The president of Confagricoltura, Massimiliano Giansanti, remarked, at the microphones of WineNews, how “the great theme of sustainability is increasingly part of the common activities of agriculture. Our contribution to the ecological transition is fundamental. The major investment processes linked to sustainability now commit companies to making better and better use of everything they need to make a product, to better use of water, to better attention to how the land moves. I believe that agriculture is giving a lot in this process, few people know this, but we must give even more”.

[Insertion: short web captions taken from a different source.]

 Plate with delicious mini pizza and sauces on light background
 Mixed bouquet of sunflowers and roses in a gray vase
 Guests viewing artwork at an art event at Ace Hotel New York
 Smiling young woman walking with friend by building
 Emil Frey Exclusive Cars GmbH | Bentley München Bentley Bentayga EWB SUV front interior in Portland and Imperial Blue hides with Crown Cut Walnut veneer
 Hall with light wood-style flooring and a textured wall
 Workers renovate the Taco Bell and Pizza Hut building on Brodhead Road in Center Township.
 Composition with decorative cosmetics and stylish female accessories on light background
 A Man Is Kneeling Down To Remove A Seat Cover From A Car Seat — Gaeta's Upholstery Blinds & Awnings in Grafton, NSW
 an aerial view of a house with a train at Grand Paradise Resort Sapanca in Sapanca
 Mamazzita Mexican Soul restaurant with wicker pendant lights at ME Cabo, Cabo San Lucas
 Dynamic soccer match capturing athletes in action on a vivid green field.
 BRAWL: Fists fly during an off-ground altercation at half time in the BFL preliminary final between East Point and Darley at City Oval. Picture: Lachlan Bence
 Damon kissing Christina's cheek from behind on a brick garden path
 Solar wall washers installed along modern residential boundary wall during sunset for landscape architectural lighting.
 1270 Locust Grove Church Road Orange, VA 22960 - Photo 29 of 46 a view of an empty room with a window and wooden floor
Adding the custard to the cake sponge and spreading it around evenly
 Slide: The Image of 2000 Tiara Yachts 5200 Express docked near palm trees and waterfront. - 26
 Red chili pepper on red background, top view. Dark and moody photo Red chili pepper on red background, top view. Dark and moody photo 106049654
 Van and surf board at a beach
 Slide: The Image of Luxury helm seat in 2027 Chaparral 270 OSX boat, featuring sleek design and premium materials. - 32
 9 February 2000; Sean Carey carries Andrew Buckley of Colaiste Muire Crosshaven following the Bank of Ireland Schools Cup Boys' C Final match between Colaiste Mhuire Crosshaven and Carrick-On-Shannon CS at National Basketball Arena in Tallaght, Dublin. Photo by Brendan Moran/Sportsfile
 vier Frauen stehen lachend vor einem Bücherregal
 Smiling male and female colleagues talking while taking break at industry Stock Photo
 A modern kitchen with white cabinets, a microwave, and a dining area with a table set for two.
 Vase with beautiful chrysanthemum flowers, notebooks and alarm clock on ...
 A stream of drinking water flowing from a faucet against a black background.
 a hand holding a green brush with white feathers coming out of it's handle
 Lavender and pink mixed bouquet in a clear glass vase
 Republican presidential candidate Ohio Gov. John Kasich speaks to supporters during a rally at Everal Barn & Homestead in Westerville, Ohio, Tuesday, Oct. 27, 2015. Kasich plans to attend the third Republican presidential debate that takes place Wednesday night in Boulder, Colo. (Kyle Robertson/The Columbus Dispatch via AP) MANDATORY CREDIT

The presentation of the AGRIcoltura100 Report no. 2 concluded with the awarding of prizes to the most virtuous farms in terms of sustainability: first place went to Cantina Produttori Valdobbiadene, one of the largest Prosecco producers, second to Iori, in Abruzzo, dedicated to growing vegetables, and third to Fratelli Robiola Paolo e Lorenzo, from Piedmont, specializing in organic milk production. But wine also played a leading role in the special mentions, with Arnaldo Caprai, a pioneer and icon of Sagrantino di Montefalco, for its attention to environmental impact, the Barberani winery, the history of Orvieto, for quality and healthy eating, and again from the Prosecco area, the Eredi Scala Ernesto & Co. company, for risk management and worker protection, and the Franciacorta-based Ronco Calino, for the quality of work and employment of young people. Two other mentions went to Agricola Lenti Società Cooperativa, from Calabria, for its relations with networks, the supply chain and local communities, and to Azienda Agricola Fagiolo di Laura e Antonella Fagiolo, from Lazio, for its female agriculture. As Antonella Fagiolo explained on receiving the certificate, “there is only one man in our team and don’t ask me why!”.